Que un alcalde de derechas presida un homenaje al sindicato
de “izquierdas” Comisiones Obreras ya es noticia. En esos actos es donde se
aprecie la verdadera estirpe democrática del político, acudiendo donde debe ir
y siendo sus organizadores de cualquier tendencia ideológica. No pasa lo mismo
al revés, porque es raro que alguien del amplio abanico que va desde el PSOE a
Podemos permita, asista o presida un evento donde el homenajeado sea de
derechas. Pero ha pasado siempre.
Digo esto porque el presidente de la Corporación descubrió,
en la Plaza Bendicho, una placa conmemorativa del 40º aniversario de la primera
sede de CC.OO. en la capital. Aquello era una oficinilla sin teléfono, ni casi
luz, en un viejo edificio descascarillado e infectado de humedad. Allí, junto a
la Catedral y a una residencia de sacerdotes, los “cocos” abrieron su sede,
aunque me cuesta fechar si fue en 1974 o en los albores de 1975. Lo hicieron
bajo la apariencia de una empresa falsa “Economía de Almería” pero todo el
mundo sabía que aquello era “otra cosa”. Lo que sí estoy seguro es que el
rojiblanco letrero de madera al exterior, pillado con alambres al oxidado
balcón de la vetusta casa del primer piso, se colocó muerto Franco. Aún
recuerdo a los golfillos que bajaban del Cerrico San Cristóbal, empapados de
sudor, para apedrear el nuevo letrero y comprobar si lo rompían antes que los
otros golfillos que accedían del más allá de la calle La Reina.

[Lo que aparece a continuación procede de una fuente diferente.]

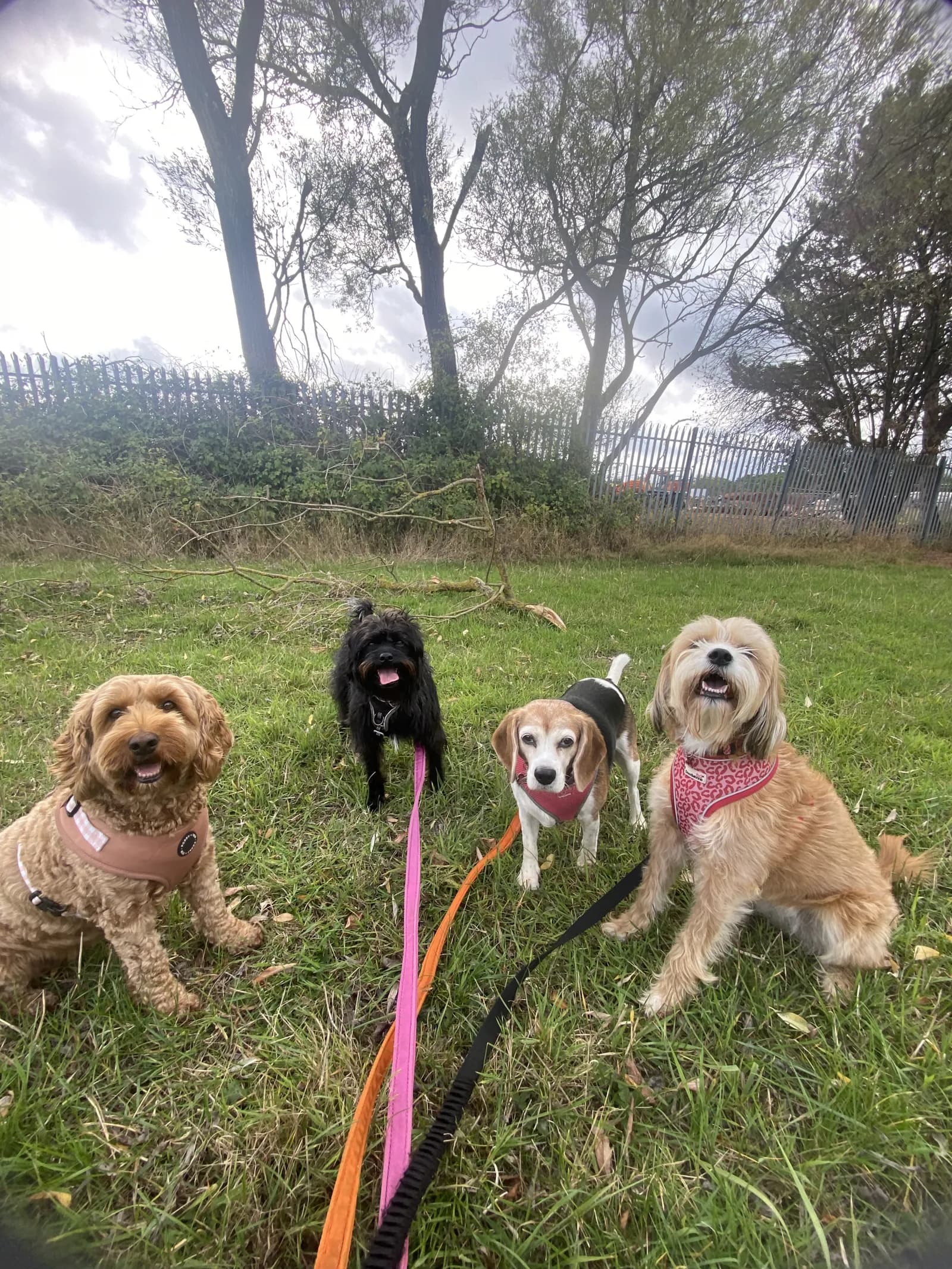 Happy dog on a walk with Chloe's Pet Care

La Plaza Bendicho, a finales de los setenta, era una
batiburrillo de niños, de sindicalistas, de comunistas, de curas fascistas, de
monaguillos con almas de cofrades y de
gentes que salían de la sacristía de la Catedral de casarse a hurtadillas y se
metían en aquel sindicato para afiliarse. Desde la atalaya de la Imprenta
Bretones, y con la candidez de no percatarte de vivir un momento histórico, yo
veía salir de la sede de CC.OO. a muchos pescadores, albañiles, agricultores de
la uva y pocas, muy pocas, mujeres. Una
vez –sería enero o febrero de 1976- llegaron, de improviso, diez o doce land
rovers de los grises, que aparcaron sobre
los jardines, tomaron por asalto la plazoleta y echaron a los niños porque “buscaban
a rojos”. Algún guantazo a los obreros
se escaparía porque, días después, cuando los cafres de gris volvieron con sus porras
un hombre joven, pero con las manos encallecidas y con más de un moratón en la
cara, corrió desde la sede y se escondió, temblando como un flan, entre las
máquinas de Pepe Bretones. Aquella cara de horror y el abrazo por haberle
escondido, tranquilizado y sosegado sí que no se olvidan cuarenta años después.